Tink's Tasha Chouhan on Why Traditional Lending Models Don't Work - FF News
Why It Matters
The discussion underscores that lenders must adopt open‑banking data or partner with fintechs to stay competitive, while Visa’s backing accelerates Tink’s ability to deliver real‑time, sustainable credit solutions across Europe.
Key Takeaways
- •Visa acquisition accelerates Tink’s global expansion and data‑driven services
- •Traditional lending models fail amid cost‑of‑living, inflation, and mortgage crises
- •Open banking provides real‑time income and expense data for credit decisions
- •Fintechs’ cloud‑native architecture enables faster onboarding and accurate KYC
- •Tink plans to expand lending, payments, and sustainability analytics
Summary
In a recent FF News interview, Tasha Chouhan, UK and Ireland Banking and Lending Director at Tink, explained how the Visa acquisition positions the European open‑banking platform to scale its data‑driven financial services globally. She highlighted that traditional, manual lending processes are increasingly misaligned with today’s economic pressures, including the cost‑of‑living squeeze, rising inflation, and the UK mortgage crunch, as well as the surge in buy‑now‑pay‑later products.

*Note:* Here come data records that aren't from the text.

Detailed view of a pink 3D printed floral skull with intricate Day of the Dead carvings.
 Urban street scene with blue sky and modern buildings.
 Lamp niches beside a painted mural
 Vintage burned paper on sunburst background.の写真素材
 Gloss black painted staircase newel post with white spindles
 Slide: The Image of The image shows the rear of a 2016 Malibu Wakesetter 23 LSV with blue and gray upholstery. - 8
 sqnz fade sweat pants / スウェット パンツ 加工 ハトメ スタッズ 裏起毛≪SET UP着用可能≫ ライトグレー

Chouhan’s research, based on conversations with 360 senior finance executives across Europe, shows lenders need real‑time transaction data to assess affordability, creditworthiness, and evolving risk profiles. Open banking can deliver continuous income and expenditure insights, enabling more accurate underwriting than legacy models that rely on static snapshots.
She cited Tink’s partnership with American Express across eight European markets as a concrete example: using open‑banking data to verify income, analyze payment frequency and size, and streamline credit‑card applications. Fintechs’ cloud‑native, micro‑service architectures give them a speed and flexibility advantage, while traditional banks can partner to modernize onboarding, KYC, and acquisition.
Looking ahead, Tink will focus on three pillars—enhanced lending models, diversified open‑banking payments, and sustainability analytics such as carbon‑tracking linked to transactions. The move signals a broader industry shift toward faster, data‑rich, and environmentally aware financial products.